Additionally, an in-place JIT compiled form for f can be used to enhance the speed:

f = JuliaCall::julia_eval("function f(out,du,u,p,t)
  out[1] = - 0.04u[1]              + 1e4*u[2]*u[3] - du[1]
  out[2] = + 0.04u[1] - 3e7*u[2]^2 - 1e4*u[2]*u[3] - du[2]
  out[3] = u[1] + u[2] + u[3] - 1.0
end")
u0 <- c(1.0, 0, 0)
du0 <- c(-0.04, 0.04, 0.0)
tspan <- c(0.0,100000.0)
differential_vars <- c(TRUE,TRUE,FALSE)
JuliaCall::julia_assign("du0", du0)
JuliaCall::julia_assign("u0", u0)
JuliaCall::julia_assign("p", p)
JuliaCall::julia_assign("tspan", tspan)
JuliaCall::julia_assign("differential_vars", differential_vars)
prob = JuliaCall::julia_eval("DAEProblem(f, du0, u0, tspan, p, differential_vars=differential_vars)")
sol = de$solve(prob)

daes

Delay Differential Equation (DDE) Examples

A delay differential equation is an ODE which allows the use of previous values. In this case, the function needs to be a JIT compiled Julia function. It looks just like the ODE, except in this case there is a function h(p,t) which allows you to interpolate and grab previous values.

We must provide a history function h(p,t) that gives values for u before t0. Here we assume that the solution was constant before the initial time point. Additionally, we pass constant_lags = c(20.0) to tell the solver that only constant-time lags were used and what the lag length was. This helps improve the solver accuracy by accurately stepping at the points of discontinuity. Together this is:

f <- JuliaCall::julia_eval("function f(du, u, h, p, t)
  du[1] = 1.1/(1 + sqrt(10)*(h(p, t-20)[1])^(5/4)) - 10*u[1]/(1 + 40*u[2])
  du[2] = 100*u[1]/(1 + 40*u[2]) - 2.43*u[2]
end")
h <- JuliaCall::julia_eval("function h(p, t)
  [1.05767027/3, 1.030713491/3]
end")
u0 <- c(1.05767027/3, 1.030713491/3)
tspan <- c(0.0, 100.0)
constant_lags <- c(20.0)
JuliaCall::julia_assign("u0", u0)
JuliaCall::julia_assign("tspan", tspan)
JuliaCall::julia_assign("constant_lags", tspan)
prob <- JuliaCall::julia_eval("DDEProblem(f, u0, h, tspan, constant_lags = constant_lags)")
sol <- de$solve(prob,de$MethodOfSteps(de$Tsit5()))
udf <- as.data.frame(t(sapply(sol$u,identity)))
plotly::plot_ly(udf, x = sol$t, y = ~V1, type = 'scatter', mode = 'lines') %>% plotly::add_trace(y = ~V2)

delay

Notice that the solver accurately is able to simulate the kink (discontinuity) at t=20 due to the discontinuity of the derivative at the initial time point! This is why declaring discontinuities can enhance the solver accuracy.

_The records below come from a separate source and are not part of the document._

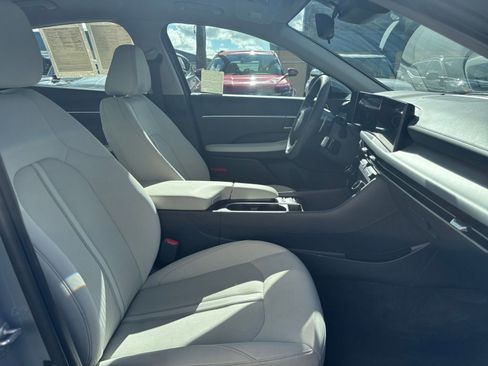 Used 2025 Hyundai Sonata SEL FWD image 36
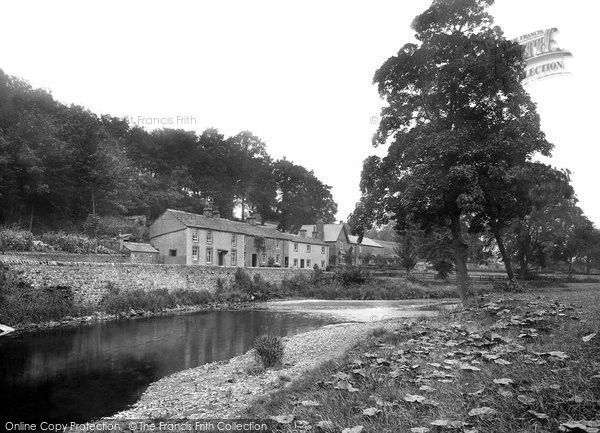 Photo of Sawley, Cottages By The River 1921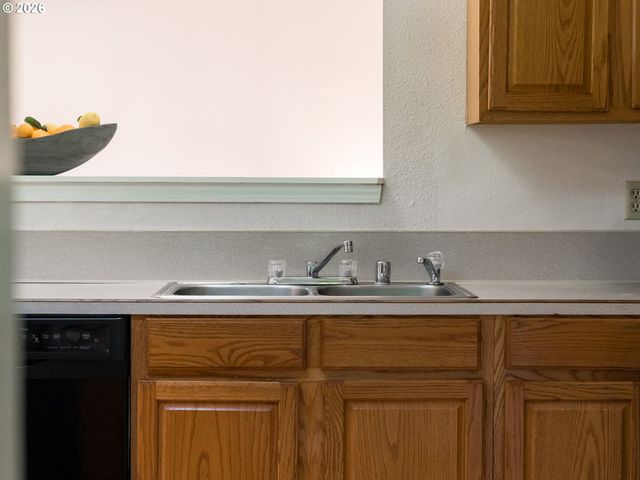 10010 Nw 15TH Ave, Vancouver, WA 98685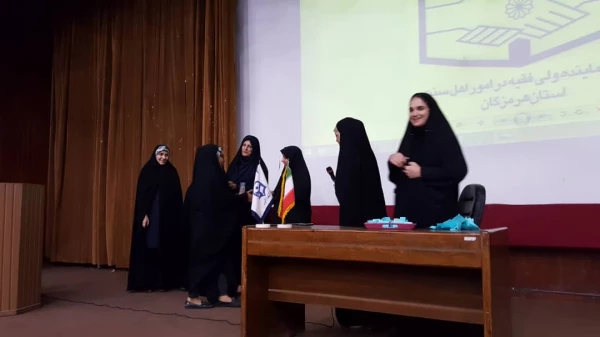 پویش ساحل زیبای من 
به همت کانون محیط زیست و انجمن اسلامی پردیس 7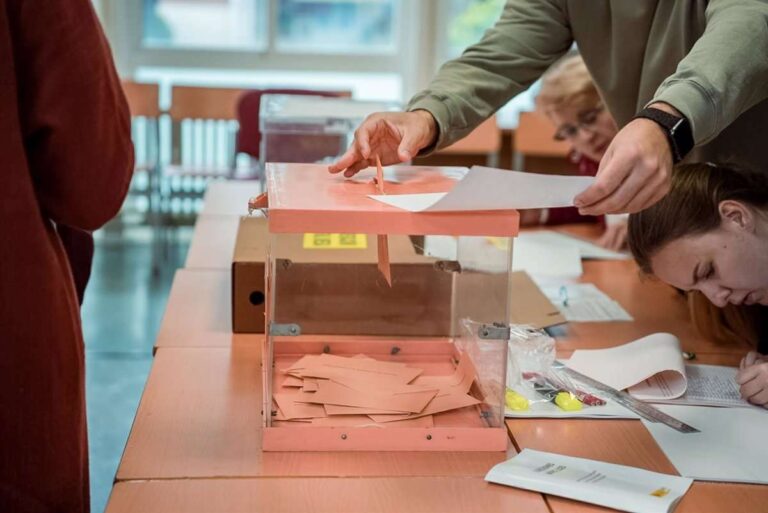 Publicada en el BOE la convocatoria de elecciones generales para el 23 de julio y la disolución de las Cortes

GPU-Accelerated ODE Solving of Ensembles

In many cases one is interested in solving the same ODE many times over many different initial conditions and parameters. In diffeqr parlance this is called an ensemble solve. diffeqr inherits the parallelism tools of the SciML ecosystem that are used for things like automated equation discovery and acceleration. Here we will demonstrate using these parallel tools to accelerate the solving of an ensemble.

First, let's define the JIT-accelerated Lorenz equation like before:

de <- diffeqr::diffeq_setup()
lorenz <- function (u,p,t){
  du1 = p[1]*(u[2]-u[1])
  du2 = u[1]*(p[2]-u[3]) - u[2]
  du3 = u[1]*u[2] - p[3]*u[3]
  c(du1,du2,du3)
}
u0 <- c(1.0,1.0,1.0)
tspan <- c(0.0,100.0)
p <- c(10.0,28.0,8/3)
prob <- de$ODEProblem(lorenz,u0,tspan,p)
fastprob <- diffeqr::jitoptimize_ode(de,prob)

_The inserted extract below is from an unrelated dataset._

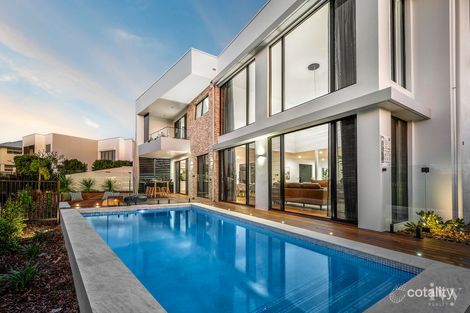 9214 Peter Senior Dr, Hope Island, QLD 4212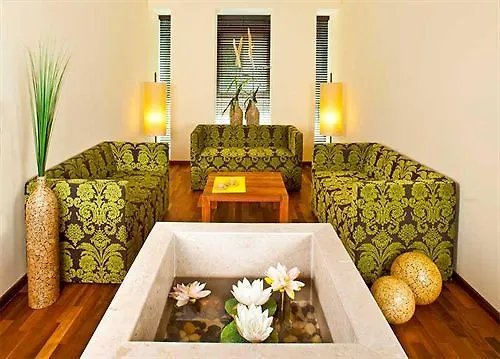 Bon Alpina Інсбрук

Now we use the EnsembleProblem as defined on the ensemble parallelism page of the documentation: Let's build an ensemble by utilizing uniform random numbers to randomize the initial conditions and parameters:

prob_func <- function (prob,i,rep){
  de$remake(prob,u0=runif(3)*u0,p=runif(3)*p)
}
ensembleprob = de$EnsembleProblem(fastprob, prob_func = prob_func, safetycopy=FALSE)

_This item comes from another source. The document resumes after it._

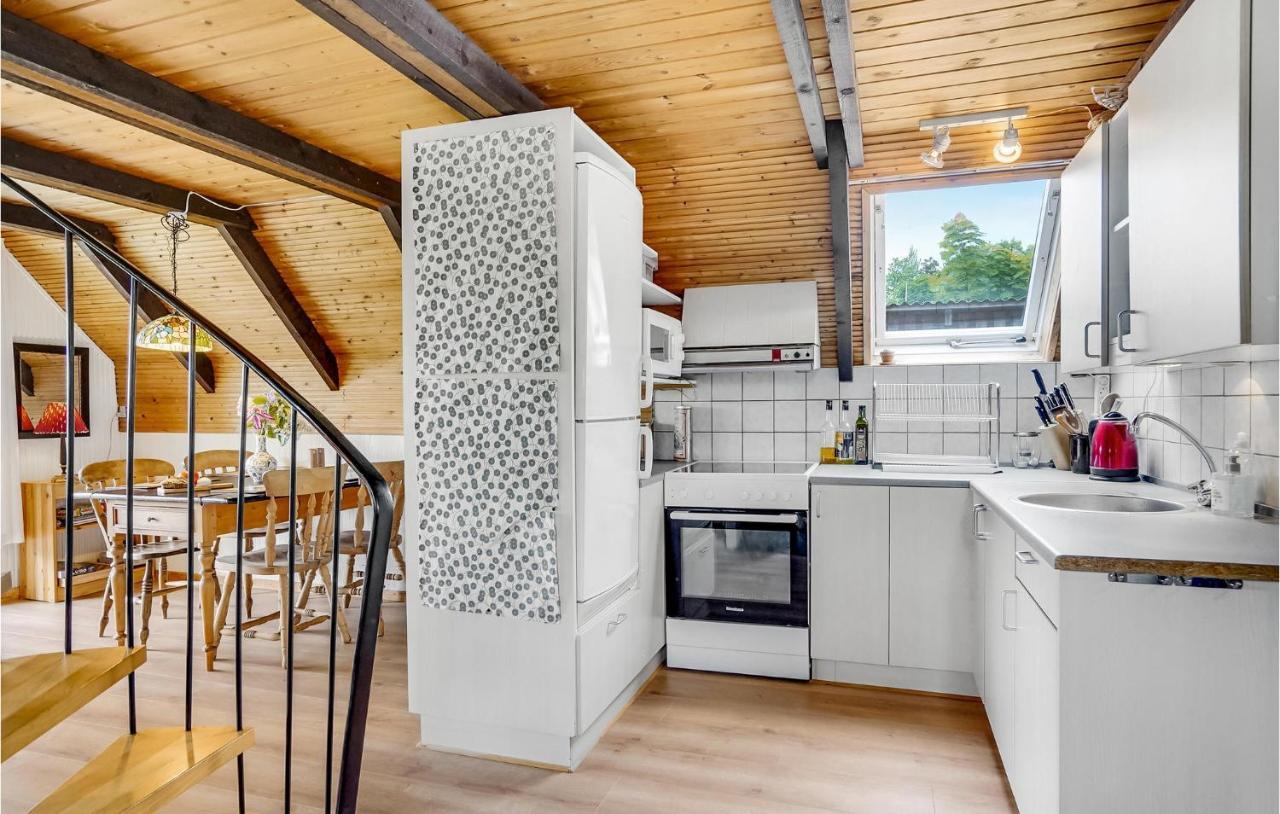 Amazing Home In Logstrup With Kitchen Dış mekan fotoğraf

Now we solve the ensemble in serial:

sol = de$solve(ensembleprob,de$Tsit5(),de$EnsembleSerial(),trajectories=10000,saveat=0.01)

To add GPUs to the mix, we need to bring in DiffEqGPU. The diffeqr::diffeqgpu_setup() helper function will install CUDA for you and bring all of the bindings into the returned object:

degpu <- diffeqr::diffeqgpu_setup()

Now we simply use EnsembleGPUArray() to solve 10,000 ODEs on the GPU in parallel:

sol <- de$solve(ensembleprob,de$Tsit5(),degpu$EnsembleGPUArray(),trajectories=10000,saveat=0.01)

Benchmark

To see how much of an effect the parallelism has, let's test this against R's deSolve package. This is exactly the same problem as the documentation example for deSolve, so let's copy that verbatim and then add a function to do the ensemble generation:

library(deSolve)
Lorenz <- function(t, state, parameters) {
  with(as.list(c(state, parameters)), {
    dX <-  a * X + Y * Z
    dY <-  b * (Y - Z)
    dZ <- -X * Y + c * Y - Z
    list(c(dX, dY, dZ))
  })
}

parameters <- c(a = -8/3, b = -10, c = 28)
state      <- c(X = 1, Y = 1, Z = 1)
times      <- seq(0, 100, by = 0.01)
out <- ode(y = state, times = times, func = Lorenz, parms = parameters)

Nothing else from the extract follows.